Las estadísticas del Banco Mundial dicen que el 10% de la población es dueña del 80% de los bienes que se producen, dicen que el aire está contaminado, que el clima continúa recalentándose, dicen que el exceso de basura nos ahoga, que toda África tiene el mismo número de computadoras que la ciudad de Nueva York. La pregunta, de orden ético, es qué vamos a hacer con este diagnóstico, cómo vamos a actuar. Mientras el ministro Arroyo ordenaba una serie de rastrillajes en el territorio y que culminaron con 32 niños internados por desnutrición, los jefes de las comunidades denuncian la desatención del Estado y las políticas de desmonte de los bosques nativos que los ha dejado sin acceso a sus medios de vida ancestrales, porque vivimos en un mundo que solo ha hecho más rico a los más ricos, en un país desigual donde la pobreza ha llegado a ser extrema en el caso de los pueblos aborígenes. Ello está plasmado en las advertencias de la Pastoral Aborigen que hizo hincapié en la situación que atraviesan los pueblos originarios, especialmente en el Chaco, señalando que no es posible morirse de hambre en esta tierra bendita del pan”.

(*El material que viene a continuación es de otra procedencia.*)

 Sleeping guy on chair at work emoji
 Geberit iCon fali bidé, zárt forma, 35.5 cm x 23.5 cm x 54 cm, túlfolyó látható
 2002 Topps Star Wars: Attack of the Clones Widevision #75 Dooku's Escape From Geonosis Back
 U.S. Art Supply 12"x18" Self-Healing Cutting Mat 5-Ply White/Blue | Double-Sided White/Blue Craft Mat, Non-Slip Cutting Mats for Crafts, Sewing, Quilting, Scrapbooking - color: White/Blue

El pan diría Neruda, es un milagro repetido, voluntad de vida/ no para un hombre, sino para todos/ Nació para ser compartido./ Para ser entregado, para multiplicarse”. No pensaron esto los jóvenes que se fueron a comer un sándwich (pan y carne) después de matar, y actuaron como amos absolutos de un territorio (el boliche, la calle, la noche), contrariamente a quienes son efectivamente dueños de sus tierras, dueños ancestrales, pero arrinconados por los intereses capitalistas.

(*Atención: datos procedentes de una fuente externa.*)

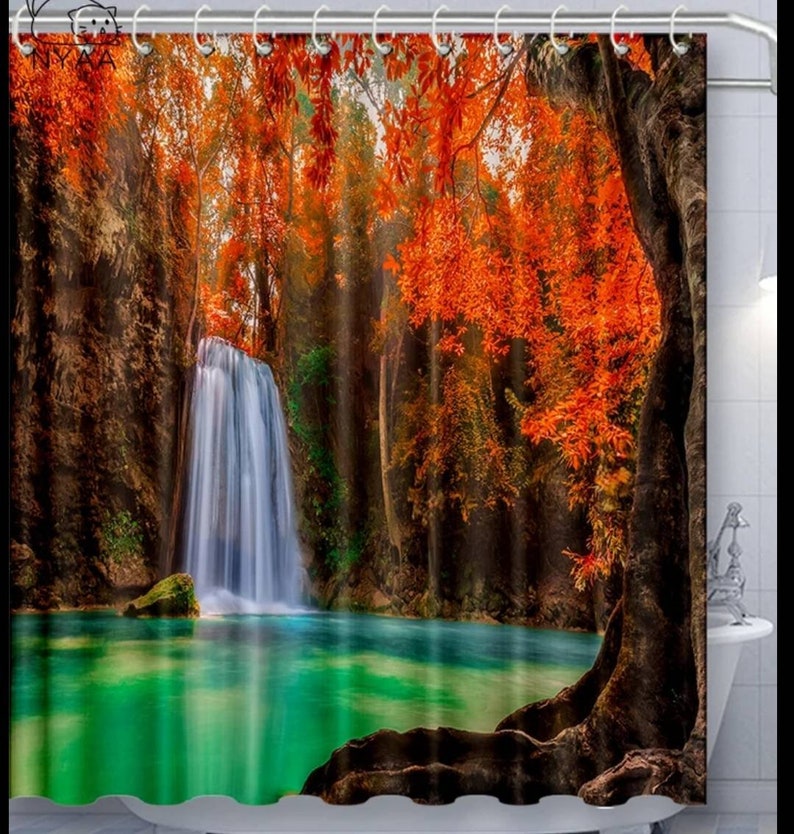 Japanese Garden Waterfall Pond Bridge Nature Shower Curtain Set for Bathroom Decor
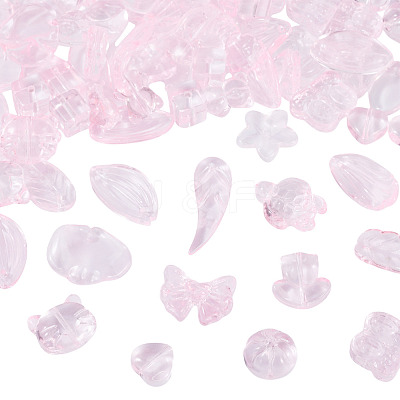 64Pcs Gradient Color Transparent Glass Beads GLAA-TA0003-48C-1
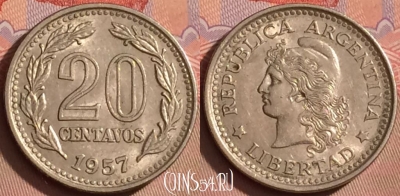 Аргентина 20 сентаво 1957 года, KM# 55, 100l-118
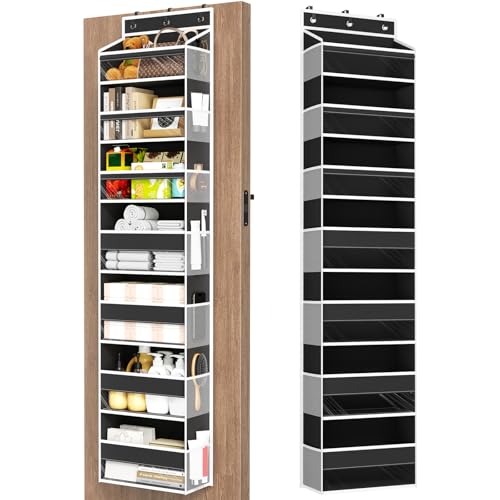 Mefirt Over The Door Organizer, 7 Tier Door Hanging Organizers with 7 Large Pockets 12 Side Pockets, Behind Door Storage Hanging Shelves for Closet Bathroom Bedroom Nursery - color: Black, size: 7-Tier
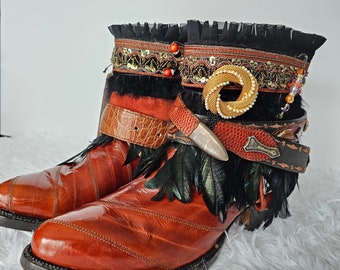 Boho upcycled western cowboy boots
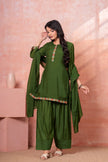 Military Green Floral Scallop Embroidered Kurta Set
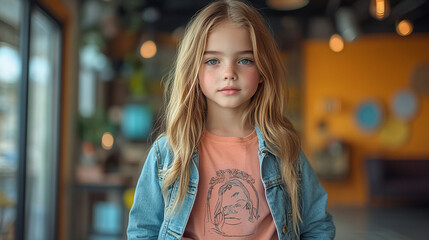 A young girl with long hair stands confidently in a vibrant indoor space, showcasing her casual outfit and natural beauty.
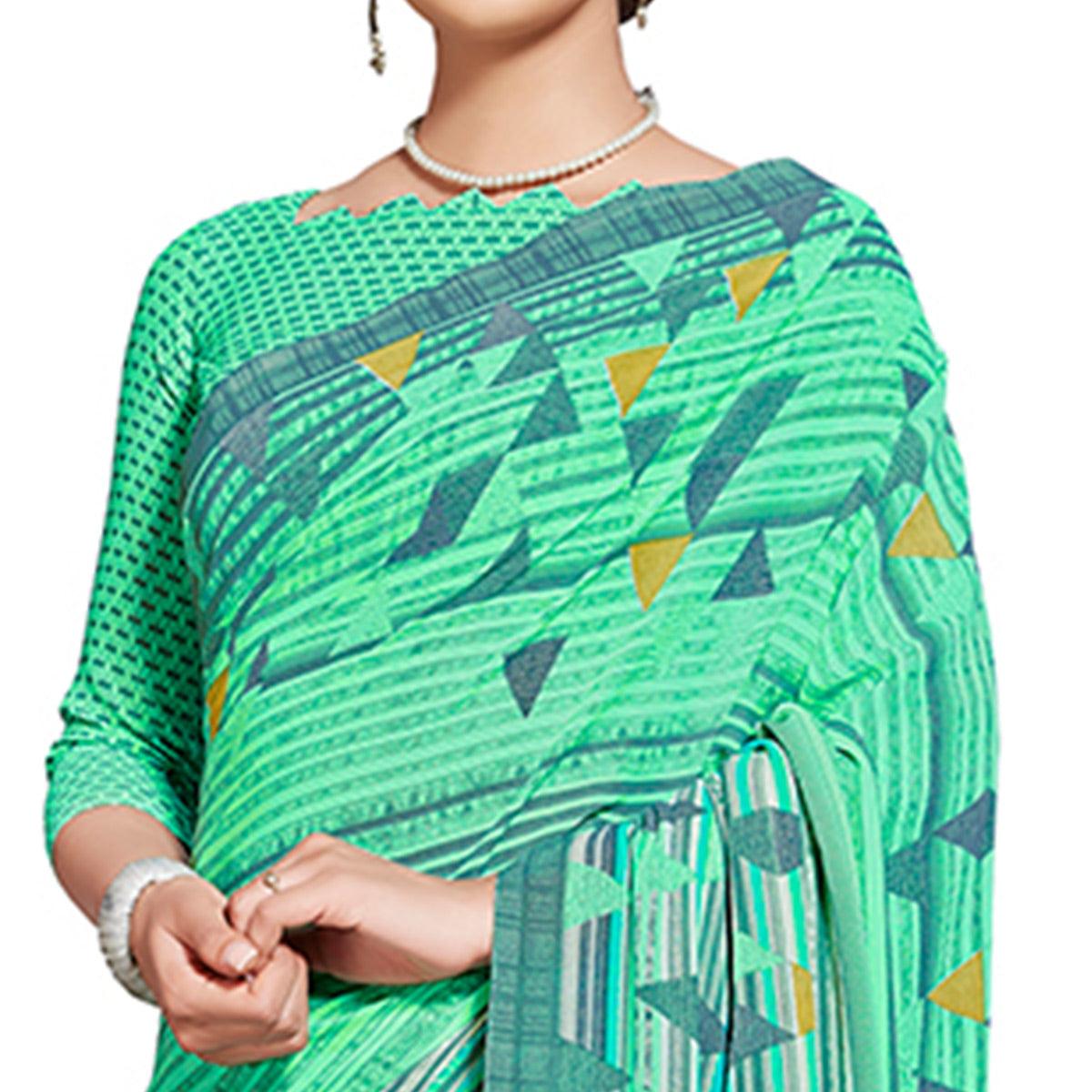 Jazzy Aqua Blue Colored Casual Printed Georgette Saree - Peachmode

La situación actual de los pueblos originarios tiene una larga genealogía, que se inicia en 1492, época en que los historiadores también indican como el nacimiento del capitalismo y la mundialización. Desde entonces no nos hemos sabido cuidar como especie, hemos reproducido cada vez más las desigualdades, hemos acentuado las diferencias y obturado los diálogos, hemos asumido los calificativos y los estigmas para referirnos a los otros/otras y por ello nos hemos permitido denigrar, destruir, violar, asesinar y finalmente olvidar. La dimensión política está inextricablemente envarada en nuestros cuerpos, en nuestro modo de vida sensible. Cuando la percepción sensible perturba, es el momento político en el cual debemos considerar el sistema de inclusiones y exclusiones que hemos construido, darlas vuelta y actuar.
El ocho significa un umbral, el comienzo de algo nuevo. Ojalá ese algo sea justicia, equidad, solidaridad, equilibrio y que no quede todo esto a mitad de camino como la famosa Sinfonía inconclusa” de Franz Schubert. La Sinfonía número 8.